Like everything in life, farts have a time and place. But I swear I never knew they could mess up someone’s whole destiny. Especially not on the third date with the guy of my dreams. And especially not the kind that burns someone’s eyes. If God wanted us to end up together, I was literally one silent but deadly moment away from ruining His entire plan.

It happened around five years ago. At the time, I was trying to lose some weight, so I stopped eating carbs. That’s when I met my husband, Rob. He was a basketball player and, honestly, built like one of those tall dudes you see dunking on people on TV. On our first date, he booked the following two dates right away. He liked me. I liked him. Everything was going smoothly like butter.

He picked me up in a Cobra Mustang, and even though I’m not the type to fall for a car, his little show-off move seriously worked on me. I mean, after spending half my twenties sitting in dusty cars with no AC and windows that didn’t roll down, this felt like entering heaven.

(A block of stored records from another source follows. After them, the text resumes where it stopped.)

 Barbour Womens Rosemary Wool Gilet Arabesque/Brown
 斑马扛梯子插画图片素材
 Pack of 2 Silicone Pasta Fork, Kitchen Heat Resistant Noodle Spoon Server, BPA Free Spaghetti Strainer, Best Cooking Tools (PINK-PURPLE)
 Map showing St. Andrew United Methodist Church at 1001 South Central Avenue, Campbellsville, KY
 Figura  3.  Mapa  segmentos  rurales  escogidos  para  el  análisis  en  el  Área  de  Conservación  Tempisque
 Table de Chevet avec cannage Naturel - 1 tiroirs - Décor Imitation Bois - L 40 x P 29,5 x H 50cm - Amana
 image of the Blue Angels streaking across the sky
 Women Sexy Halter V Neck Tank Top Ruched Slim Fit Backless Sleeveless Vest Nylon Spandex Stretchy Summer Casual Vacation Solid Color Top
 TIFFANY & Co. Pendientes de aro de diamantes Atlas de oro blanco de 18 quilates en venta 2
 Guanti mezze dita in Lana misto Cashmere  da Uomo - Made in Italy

We reached the restaurant, and this man started ordering food I hadn’t touched in years. I didn’t wanna look like that boring girl, so I ate everything, drank everything, laughed at everything. We even shopped later, and this man bought me an expensive pair of shoes I was secretly staring at. I was like… bro, is this love?

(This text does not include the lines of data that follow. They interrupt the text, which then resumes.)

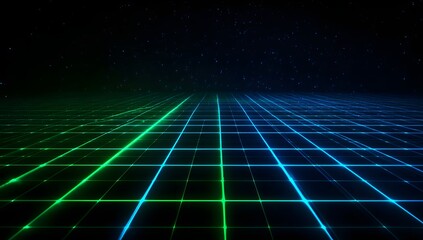 Abstract digital grid stretching into the darkness with glowing neon lines in green and blue illuminating the futuristic virtual landscape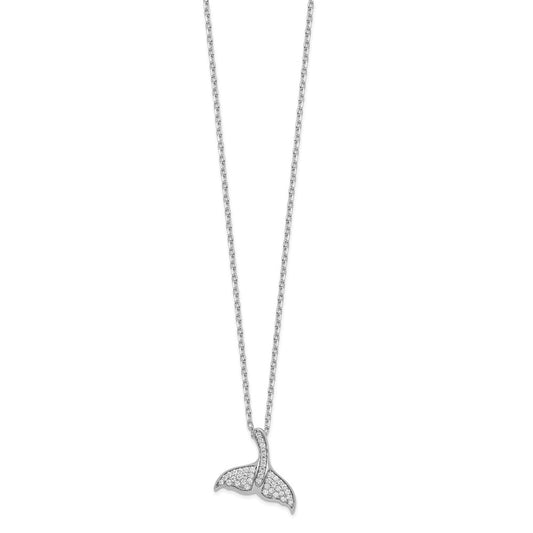Cheryl M Sterling Silver Rhodium-plated Brilliant-cut CZ Whale Tail 16 Inch Necklace with 2 Inch Extender QCM1542-16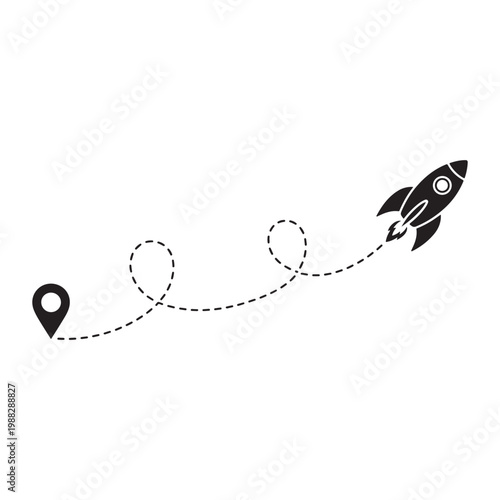 Black rocket ship with dotted line and location pin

Then it came. Gas. And not the cute kind. It comes in two types. Either small machine gun fire or that deep stabbing pain that feels like someone is killing you slowly. I got the second one. I swear it felt like tiny forks stabbing my stomach. I didn’t wanna embarrass myself, so I told him I wasn’t feeling well and we should go home.

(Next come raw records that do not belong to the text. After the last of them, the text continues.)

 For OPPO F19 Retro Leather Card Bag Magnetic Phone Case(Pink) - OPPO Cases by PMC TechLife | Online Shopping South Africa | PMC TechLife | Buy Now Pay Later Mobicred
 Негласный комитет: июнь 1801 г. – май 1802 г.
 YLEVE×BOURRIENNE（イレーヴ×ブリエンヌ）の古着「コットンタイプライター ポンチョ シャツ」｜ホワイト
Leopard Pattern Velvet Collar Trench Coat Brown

Inside his Cobra, he kept trying to hold my hand and ask sweet questions, but I was in pain. Bad pain. My whole stomach felt like a wrestling match. Then it hit me.

My God, I have a massive fart waiting to explode. I’m finished.

The more I held it in, the more pain shot down my legs. I even lifted myself off the seat like I was about to perform some weird gym exercise. I grabbed the door and dashboard just to survive.

“Please hurry, I’m in a lot of pain,” I whispered like I was dying.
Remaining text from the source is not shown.